Le lendemain matin, Françoise lisait le journal à la table de la salle à manger.

—Tout le monde est au courant pour les meurtres. Vous vous rendez compte, dans notre propre village ?

N'écoutant pas ses reproches sur l'enquête, Corentin reçut un mot du commissaire Bouleau qui lui remontait sérieusement les bretelles. Il lui narrait que des habitants de Bleunoie – qu'il ne cita pas – gagnaient d'importantes sommes d'argent pour raconter ce qu'ils avaient vu à l'église. La situation devenait incontrôlable et il ordonnait à l'inspecteur de se rendre immédiatement sur la place publique pour faire une déclaration. Se montrer, Corentin de Calésie savait faire et regagnant de sa superbe, il se prépara pour se rendre sur la place. Sa femme lui arracha le mot des mains et lut la suite.

—...si vous ne le faites pas, vous serez condamné à une peine de prison pour non représentation...

—Je suis parfaitement au courant, je vous remercie ! rétorqua Corentin.

—Que s'est-il passé dans l'église ? Y-a-t-il eu des morts ? Je vous ai vu rentrer avec une tête épouvantable. Vous me cachez quelque chose Corentin, je le sens !

Sans un mot, il se laissa vêtir de son imperméable. La journée s'annonçait très mal.

*

En se rendant dans le bourg de Bleunoie, une petite estrade de bois trônait en plein milieu de la place. Une foule monstre comme Bleunoie n'en avait jamais vu s'était attroupée pour écouter l'annonce de l'inspecteur de police. Corentin ne se sentit plus aussi assuré. Il n'était pas certain que cette intervention était nécessaire mais les habitants demandaient des explications sur les événements d'hier soir. L'image des deux cadavres dévorés lui revint en mémoire. Il eut envie de vomir. Lorsqu'il arriva, Hermione Savrodec l'emmena à l'intérieur du bureau du commissaire afin qu'il ne se fasse pas interpeller par les journalistes.
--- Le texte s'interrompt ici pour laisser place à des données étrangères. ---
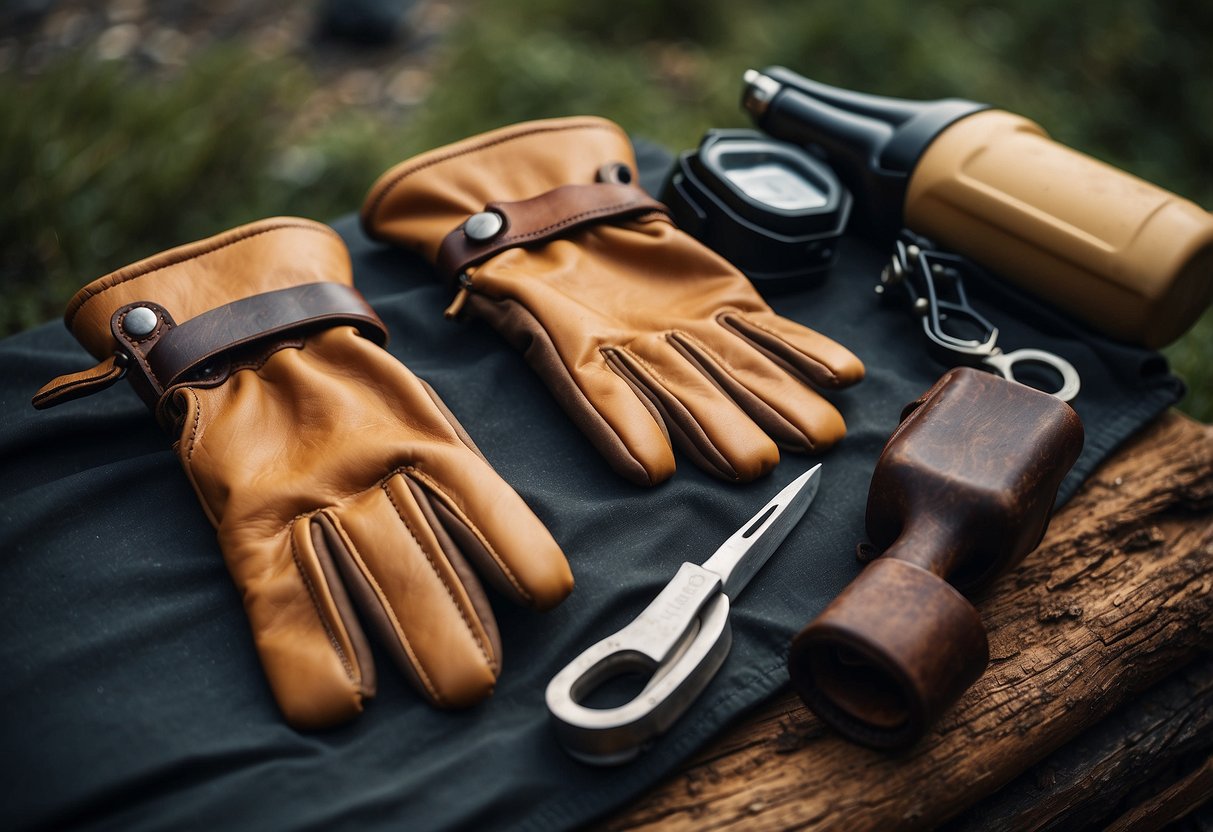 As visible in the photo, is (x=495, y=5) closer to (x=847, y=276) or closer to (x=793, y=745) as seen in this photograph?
(x=847, y=276)

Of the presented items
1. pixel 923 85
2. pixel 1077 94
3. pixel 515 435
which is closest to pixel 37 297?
pixel 515 435

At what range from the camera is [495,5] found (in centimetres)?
421

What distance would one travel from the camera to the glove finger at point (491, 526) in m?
1.33

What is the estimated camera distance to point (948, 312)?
6.53 ft

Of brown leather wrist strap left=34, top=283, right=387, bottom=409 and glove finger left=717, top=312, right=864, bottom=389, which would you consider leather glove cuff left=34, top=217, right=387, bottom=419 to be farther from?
glove finger left=717, top=312, right=864, bottom=389

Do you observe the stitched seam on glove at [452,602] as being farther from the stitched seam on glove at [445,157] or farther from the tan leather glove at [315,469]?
the stitched seam on glove at [445,157]

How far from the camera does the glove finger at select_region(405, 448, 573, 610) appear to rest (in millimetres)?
1332

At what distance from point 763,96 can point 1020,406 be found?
44.1 inches

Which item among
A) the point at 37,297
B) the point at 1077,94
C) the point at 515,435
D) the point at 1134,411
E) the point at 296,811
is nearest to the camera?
the point at 296,811

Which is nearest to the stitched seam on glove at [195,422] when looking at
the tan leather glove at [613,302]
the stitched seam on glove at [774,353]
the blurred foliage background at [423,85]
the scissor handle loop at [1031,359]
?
the tan leather glove at [613,302]

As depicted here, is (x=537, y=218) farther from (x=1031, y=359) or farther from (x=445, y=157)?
(x=1031, y=359)

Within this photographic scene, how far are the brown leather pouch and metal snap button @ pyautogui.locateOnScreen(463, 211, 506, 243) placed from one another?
844 mm

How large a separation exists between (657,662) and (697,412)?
19.9 inches

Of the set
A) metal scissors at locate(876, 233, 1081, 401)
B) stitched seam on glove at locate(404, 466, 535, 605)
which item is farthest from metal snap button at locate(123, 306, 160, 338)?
metal scissors at locate(876, 233, 1081, 401) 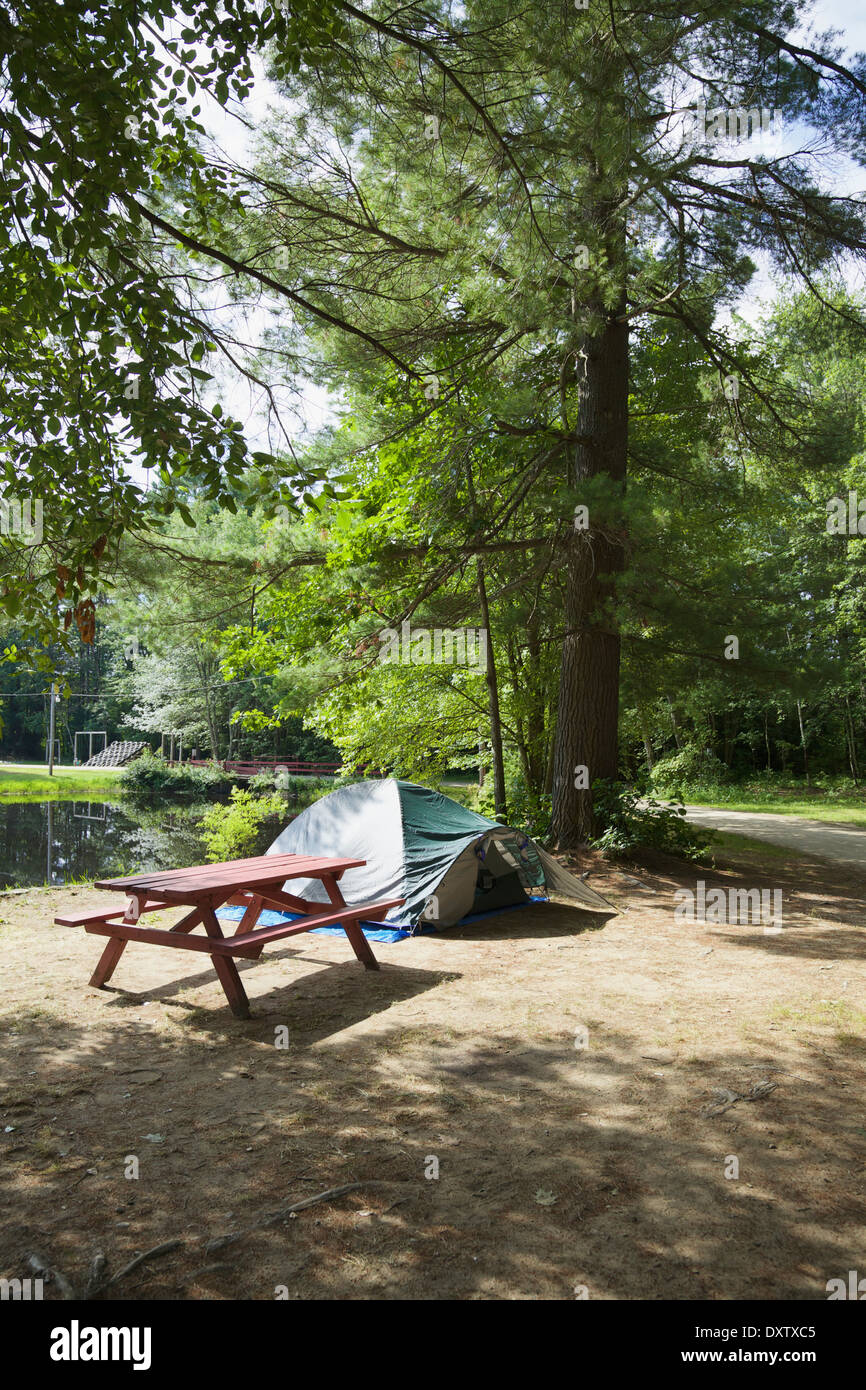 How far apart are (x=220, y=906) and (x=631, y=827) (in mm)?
5847

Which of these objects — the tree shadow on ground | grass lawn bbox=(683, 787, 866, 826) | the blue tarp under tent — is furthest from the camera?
grass lawn bbox=(683, 787, 866, 826)

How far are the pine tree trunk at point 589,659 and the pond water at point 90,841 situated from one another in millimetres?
7791

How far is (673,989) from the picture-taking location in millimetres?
5582

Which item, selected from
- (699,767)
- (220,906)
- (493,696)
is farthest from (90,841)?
(699,767)

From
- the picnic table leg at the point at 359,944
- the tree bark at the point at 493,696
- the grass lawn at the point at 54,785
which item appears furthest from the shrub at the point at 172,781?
the picnic table leg at the point at 359,944

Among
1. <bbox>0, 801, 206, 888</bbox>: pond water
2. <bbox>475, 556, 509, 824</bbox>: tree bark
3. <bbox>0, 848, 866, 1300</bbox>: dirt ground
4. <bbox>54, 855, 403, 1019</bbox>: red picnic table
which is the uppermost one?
<bbox>475, 556, 509, 824</bbox>: tree bark

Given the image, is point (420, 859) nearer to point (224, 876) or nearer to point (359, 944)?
point (359, 944)

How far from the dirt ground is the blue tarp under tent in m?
1.13

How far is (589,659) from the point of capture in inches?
403

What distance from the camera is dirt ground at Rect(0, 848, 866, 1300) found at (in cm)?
271

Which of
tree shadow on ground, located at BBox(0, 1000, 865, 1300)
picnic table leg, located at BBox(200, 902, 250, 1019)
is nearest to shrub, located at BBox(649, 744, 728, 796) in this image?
picnic table leg, located at BBox(200, 902, 250, 1019)

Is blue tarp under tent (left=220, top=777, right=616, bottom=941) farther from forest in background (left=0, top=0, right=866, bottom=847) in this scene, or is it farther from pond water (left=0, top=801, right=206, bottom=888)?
pond water (left=0, top=801, right=206, bottom=888)

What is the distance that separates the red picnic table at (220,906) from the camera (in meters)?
5.11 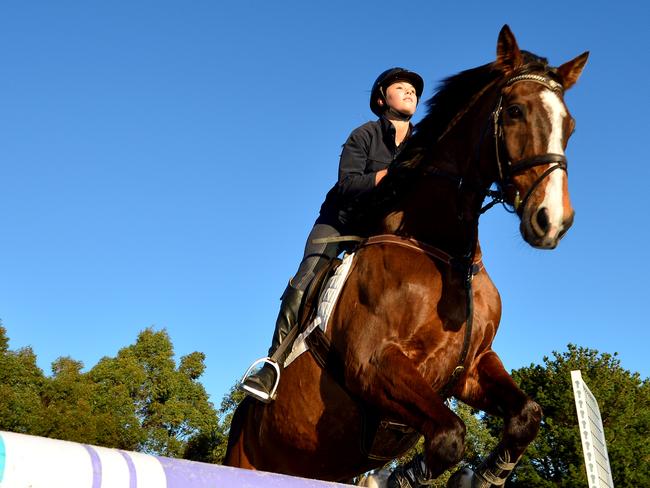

Eux aussi étaient venus en masse et le cherchaient du regard.

—Ça va ? Vous êtes prêt ?

—Je ne suis pas sûr que ce soit une bonne idée d'expliquer tout ça à la population, le commissaire fait une énorme erreur.

—Il vous attend, il est dehors. Vous ne pouvez pas rater ça, vous allez provoquer sa colère.

La jeune femme le poussa dehors. A sa vue, l'essaim de journalistes se rua sur lui, qui fut immédiatement contrôlé par les gardes qui le repoussa dans la foule. L'inspecteur souffla.

—Monsieur l'inspecteur ! Content de vous voir ici !

Tout beau dans son costume, le commissaire Bouleau souriait. Corentin crut qu'il se rendait à un bal ou au château de Versailles dans l'accoutrement dont il était paré : un costume d'un blanc immaculé, des souliers cirés et un chapeau melon qui brillait tellement que les rayons du soleil se reflétaient dessus. Il ne s'était jamais senti aussi mal à l'aise devant la tenue ostentatoire de son supérieur. Après s'être serré la main, ils montèrent tous deux sur l'estrade. Le commissaire Bouleau demanda le silence et commença à parler.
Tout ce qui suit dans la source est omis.